Murdo carried on and Ricky started again, knocking the ball into the air with just his head. He could be as good as Murdo if he put his mind to it. And then he mishit the ball and it flew towards the wee boy Paul who was coming back from round the back of the building. Paul didn’t pick up the ball. He let it roll past.
He said, ‘There’s a dead guy round the back.’
‘Shut up,’ the boys said and Paul said, ‘I’m telling you, there is. There’s a dead guy.’

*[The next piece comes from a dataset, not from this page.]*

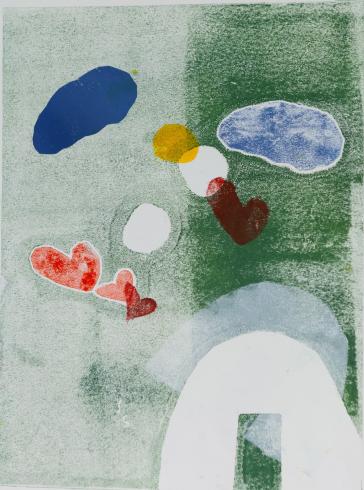 Collagraph print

They were used to seeing men lying in funny places. And women too.
‘He’s not moving.’
Ricky went with him and as soon as he saw the guy he knew that he was dead. It was the guy in the denims and the khaki and his head was underneath his shoulders because of the way he’d landed. His arms were snapped and lay at strange angles. There was no blood at all, just this frightening-looking body.

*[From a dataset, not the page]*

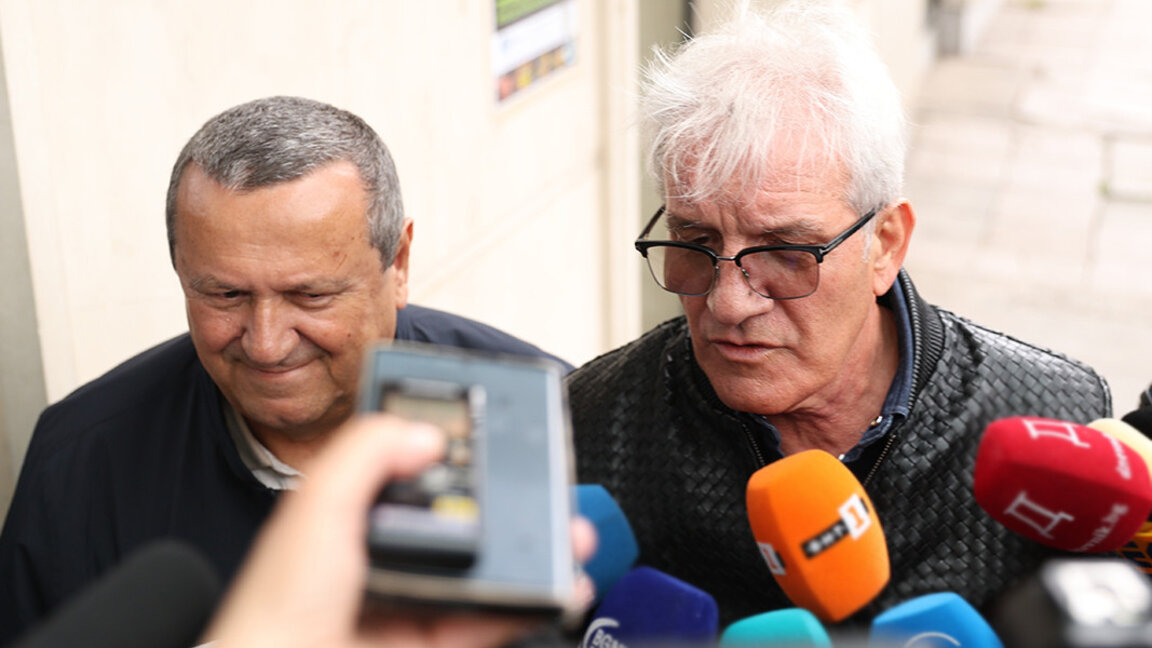 DPS milletvekilleri Hasan Ademov ve Ramadan Atalay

‘He’s dead isn’t he?’ the wee boy Paul said.
Ricky looked up and saw an open window way up high.
‘Aye. I think he’s a suicide. He
’s jumped.’
‘He only went in the building two minutes ago,’ the wee boy said.
‘I remember.’
They told the other boys who came to look too and some put their hands to their mouths and peered and they all stood at some distance from the poor body on the ground.

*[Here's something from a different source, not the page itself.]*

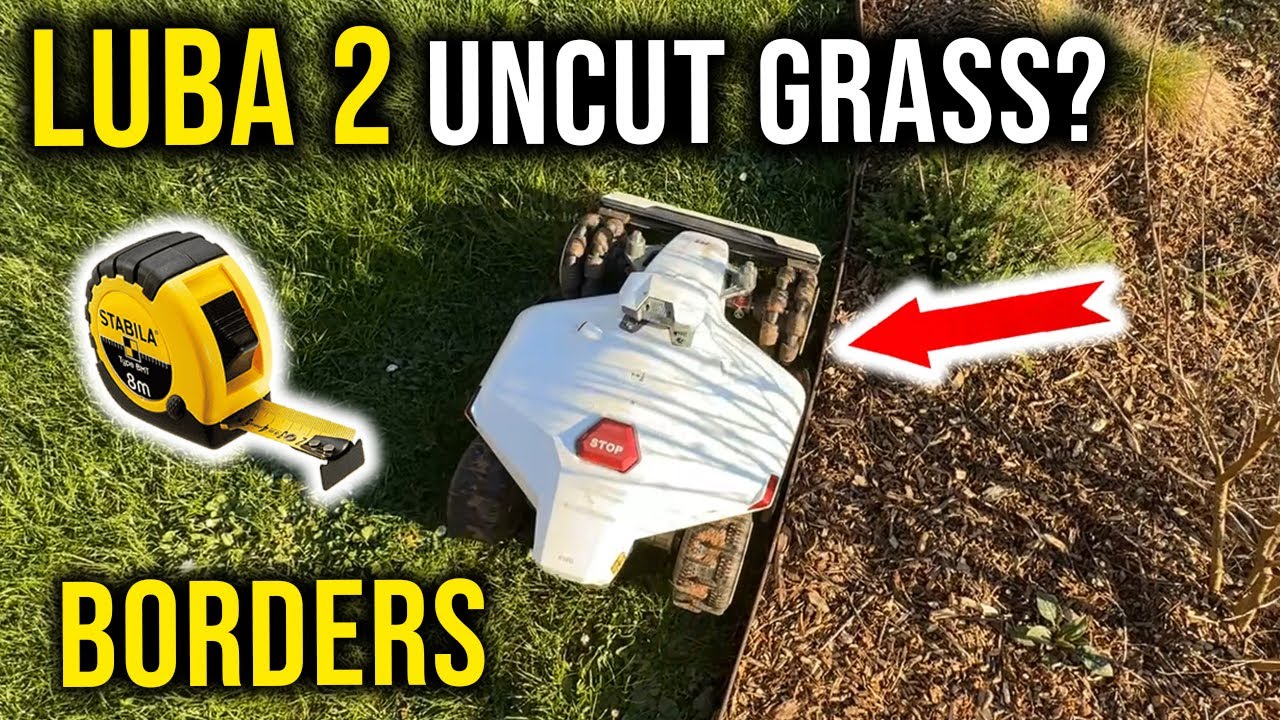 LUBA 2: How Much Unmown Grass Is Left Against the Edges? TEST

‘He’s not from the flats is he?’ Tommy said.
‘He came here to get killed,’ the wee boy Paul said.
All the boys went together to tell the caretaker about the dead body and they stayed together while the caretaker waited for the police to come and take statements. They each told the police more or less the same thing. A weird-looking man came into the flats and a few minutes later they heard a thump and a bang.
Jean McGeogh
We liked Perry Como, and his shows, we liked that. I hardly watched the telly I was always working, Christ. Well, I worked in the Shettleston Club and I knew all the songs they were playing and the bands and the music. No, I never had time to listen to wirelesses. I hardly watched the television by the time I washed myself, maybe took a bath and got into my bed.
I mind one time the boys came in. I think they were nineteen, eighteen and they all came in and that, and I was in my bed and ah, I smelt this lovely smell of ham coming through to me and I got out of my bed and they were all in the kitchenette, we had a wee table with benches and that all done, and I went do you think this is a bloody Reo Stakis hotel, come on! And they would go, Get into your bed, Jean, you’re tired.
I just loved them. I knew they weren’t any trouble. If they weren’t in my house they were in another neighbour’s house. They were good boys. They were no trouble. You still worried about them.